Joining the line of telecom companies suing Vonage, AT&T on Wednesday filed a lawsuit against the VoIP (Voice over Internet Protocol) provider in the U.S. District Court in Madison, Wis., according to a filing with the Securities and Exchange Commission and the company’s statements.
The suit centers around a patent filed in 1996 by AT&T that describes the process of routing phone calls over the Internet. The company has been in discussions with AT&T for some time to resolve the matter, Vonage spokesperson Charlie Sahner told the E-Commerce Times.
“Generally, our preference is to settle disputes through negotiation rather than litigation so we will continue to work towards an amicable solution,” he said.
$80 Million and Counting
Indeed, Vonage’s approach to the near nonstop litigation against it has been to throw money at the problem. For instance, it settled a suit a few weeks ago with Sprint Nextel for US$80 million. It also settled a patent dispute with Klausner Technologies for an undisclosed sum.
The patent infringement charges, though, are costing the company more than just the amount to settle. Besides the not inconsiderable fees paid to attorneys, earlier this year Verizon was awarded $58 million in damages, plus future royalties, on the grounds that Vonage violated three of Verizon’s patents.
If Vonage can move past this latest suit, said John Rabena, a partner with Sughrue Mion, it may have a chance of survival.
“There aren’t too many competitors left with a strong patent portfolio,” he told the E-Commerce Times.
These suits are typical against newcomers in an established industry, he added.
“Vonage could have expected to be attacked by anybody with market share in the telecom industry,” Rabena said. “However the broadest lesson from all this is that Vonage has been on the defensive largely because it doesn’t have a patent portfolio itself.”
Playing defense might not have been the best strategy, given the potential costs of losing litigation if the case does go to trial.
“Merely because Vonage has removed itself, by taking a license post-judgment from other patent holders/owners does not mean that it is free from liability for patent infringement by another patent holder, namely AT&T,” said Andrew Langsam, a partner with Pryor Cashman.
Each patent case is determined on its merits, he continued.
“One looks at the claims of the patent, and if what Vonage does or provides falls within the language of even one claim of the issued patent, then Vonage is liable for patent infringement,” he told the E-Commerce Times.
If that is found to be the case, then it may be also liable for the damages to AT&T in lost profits, he said, “but only if AT&T can prove ‘but for’ Vonage providing that product/service, AT&T would have provided it and at a profit.”

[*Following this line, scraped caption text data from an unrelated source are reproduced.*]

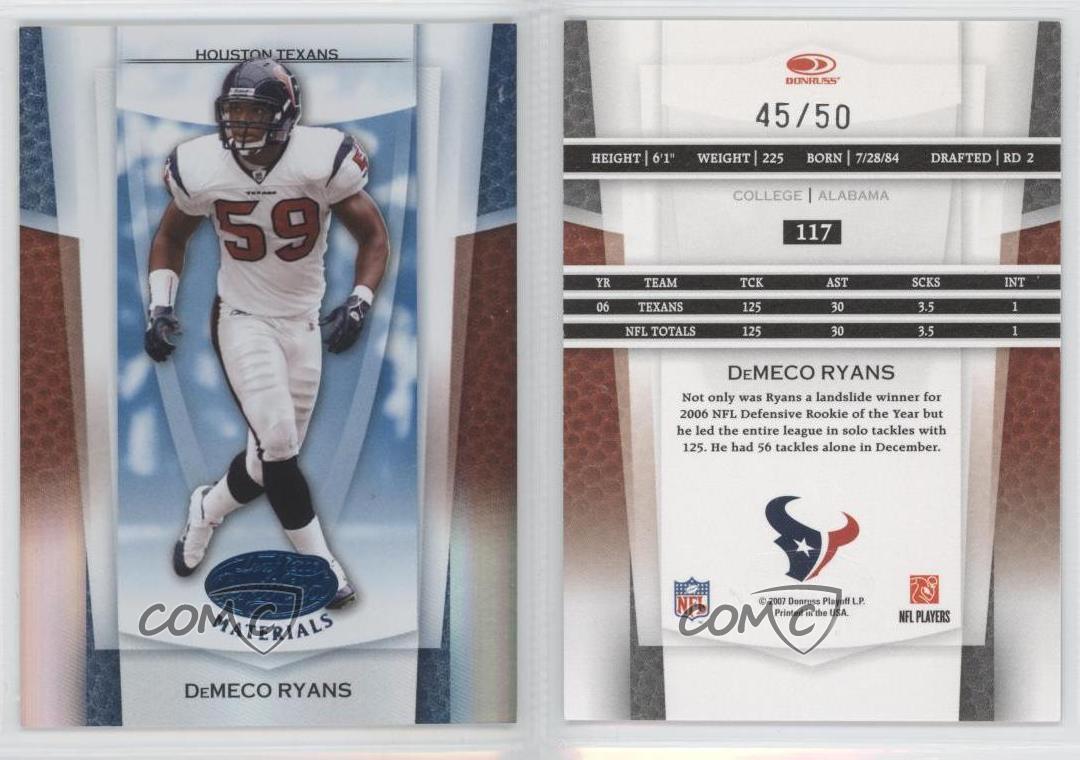 2007 Leaf Certified Materials Mirror Blue /50 DeMeco Ryans #117 - Picture 4 of 4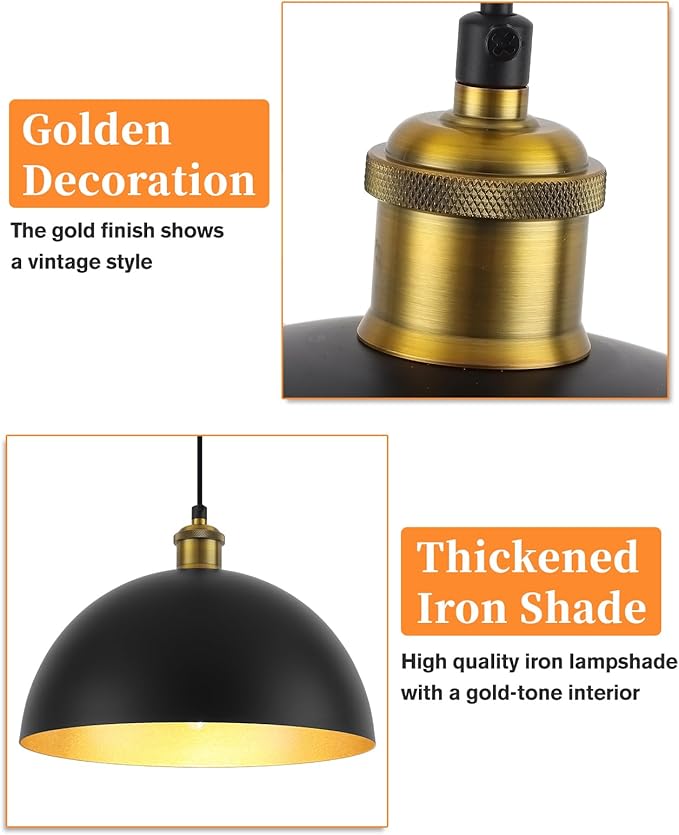 Pendant Lights for Kitchen Island, 11.8" Black and Gold Farmhouse Pendant Light, Dome Pendant Light Fixtures for Dining Room, Living Room, Bedroom, Cafe, Bar, 2 Pack
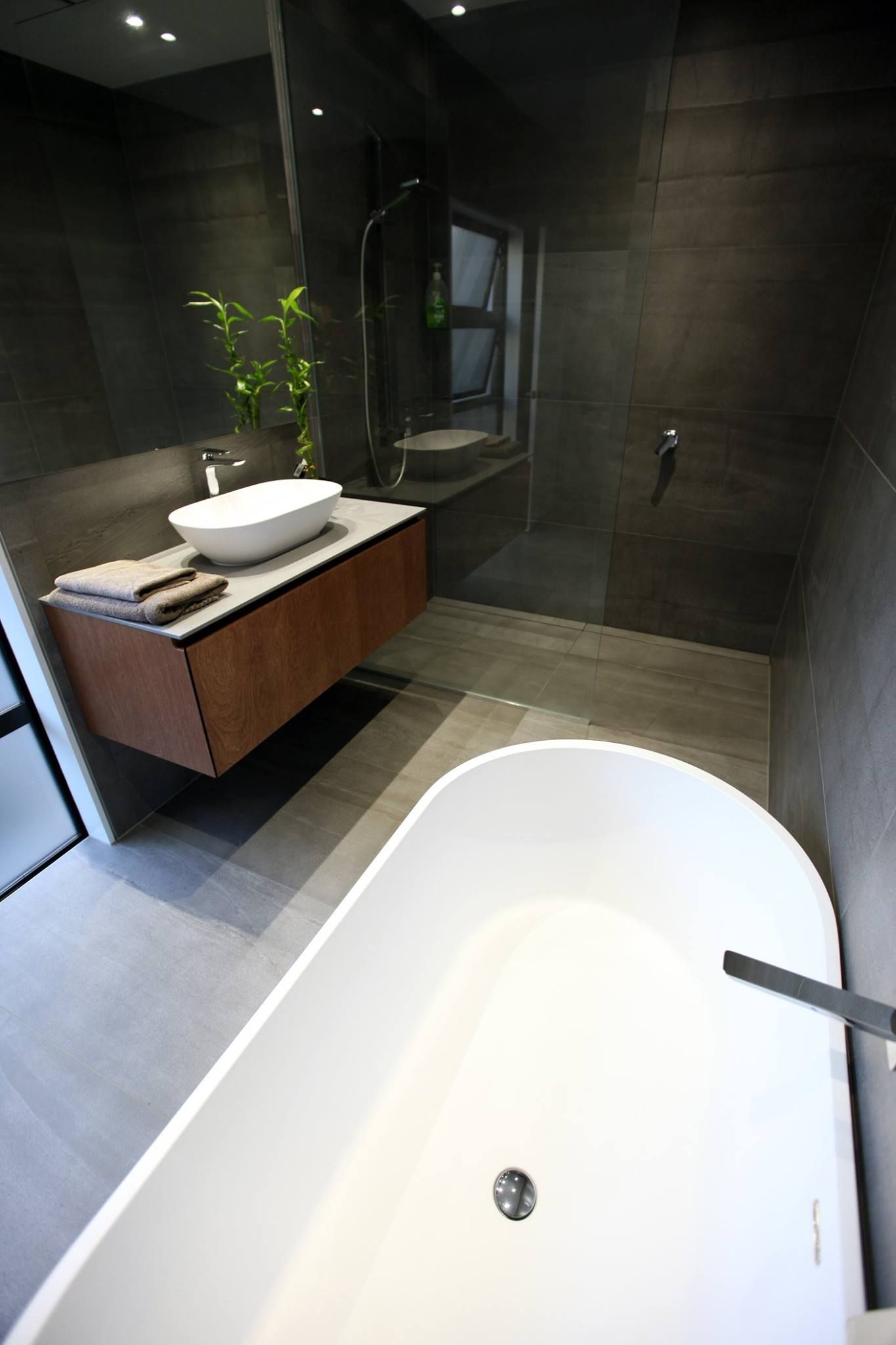 ensuite with double vanity and walk in shower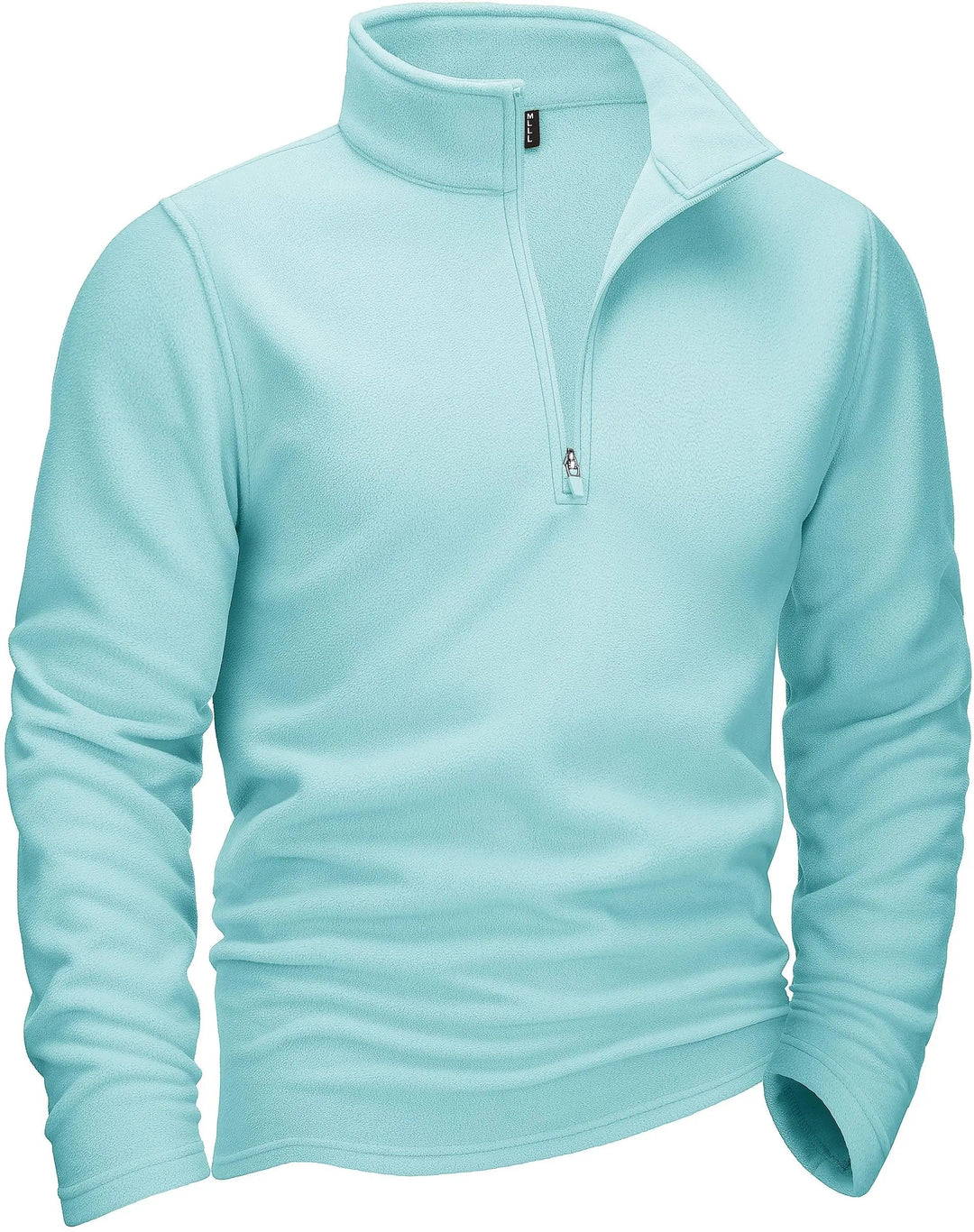 "Miesten harmaa fleece quarter-zip villapaita turtleneckilla, tarjoaen mukavuutta ja tyylikkyyttä kylmiin päiviin."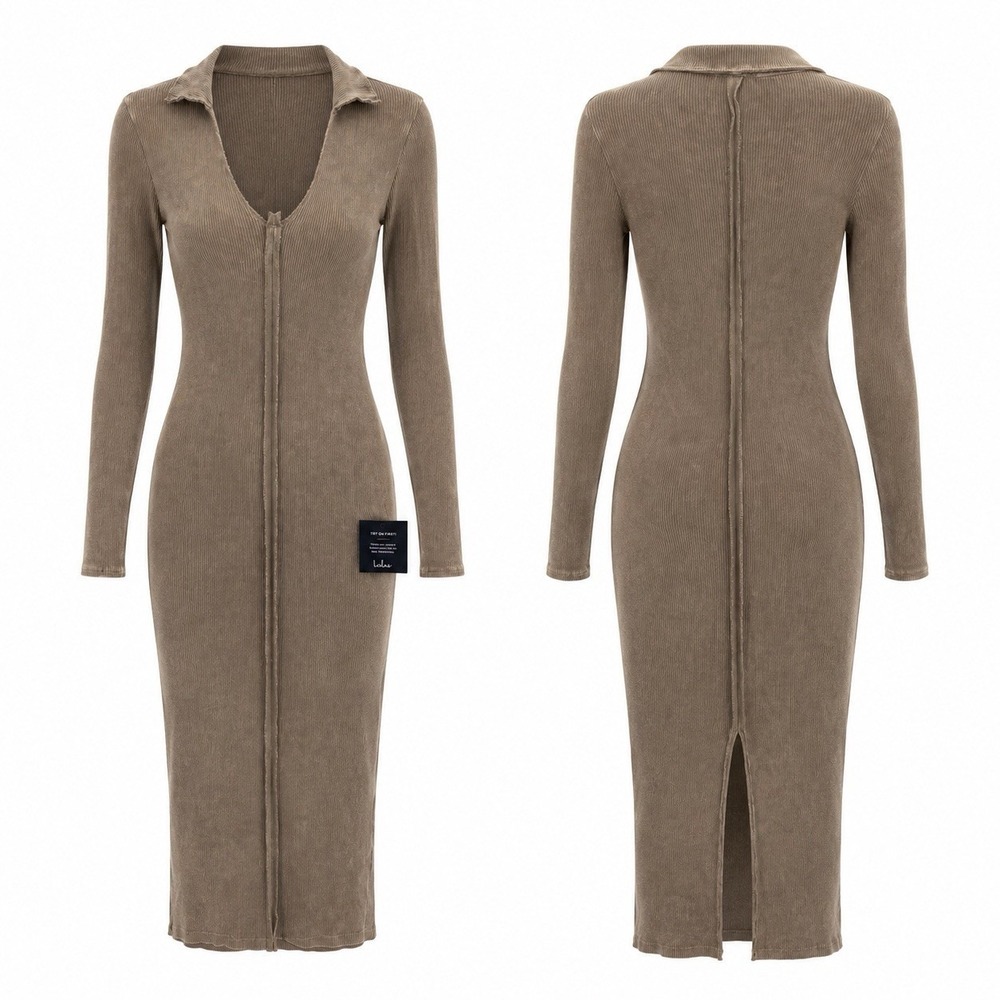 NWT Lulus Dress Large Bodycon Ribbed Midi‎ Sculpting Minimalist Night Out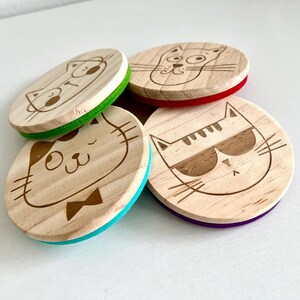 Set of 4 Smart Cats Wooden Felt Coasters, perfect kitten lover gift, cool cat decor, durable, eco-friendly, and stylish home accessory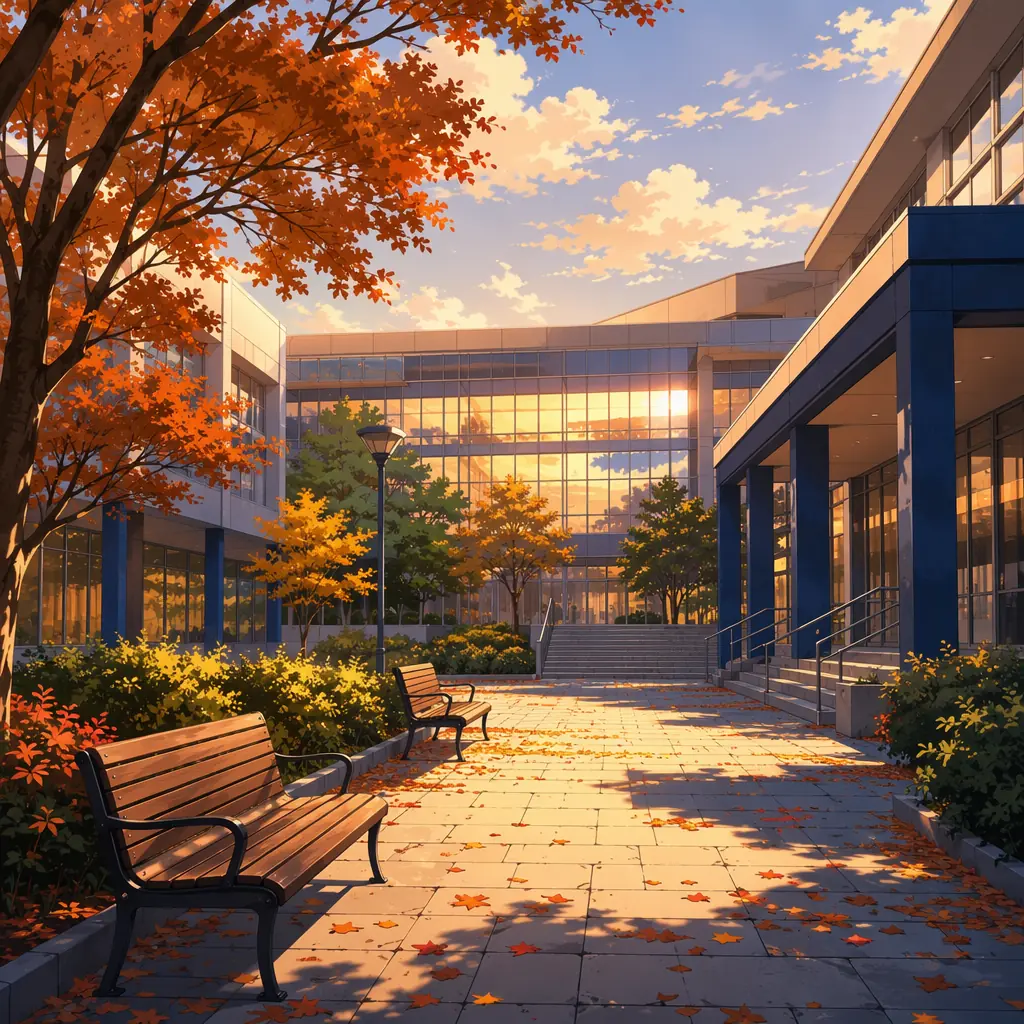 Anime-style warm campus environment with soft lighting and educational architecture elements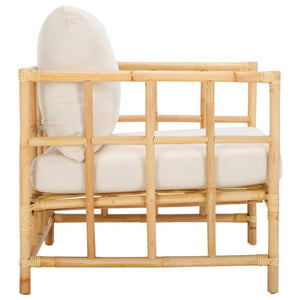 Safavieh Aisling Rattan Accent Chair With Plush Cushion - Elegant White Upholstery For Cozy Living Spaces ACH6530A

However, even if AT&T cannot meet the “but for” threshold, it will still be entitled to no less than a reasonable royalty for the infringing use by Vonage.
“Vonage can always seek a license under the asserted AT&T patents — if AT&T is willing to provide the same — and/or design around the patent so that its products/services no longer infringe the asserted patent,” he said.
Industry Death Blow
While Vonage has weathered the earlier lawsuits — albeit at a cost of losing some customers — this latest by AT&T could prove to be too much for some customers, especially the valued corporate clients that VoIP providers have been targeting.
The risk of permanent injunction, although not likely to be imposed, could prove to be too big of a risk for corporate decision makers to ignore, Langsam said.
“Such an injunction is rare before a trial of the case on the merits,” he said.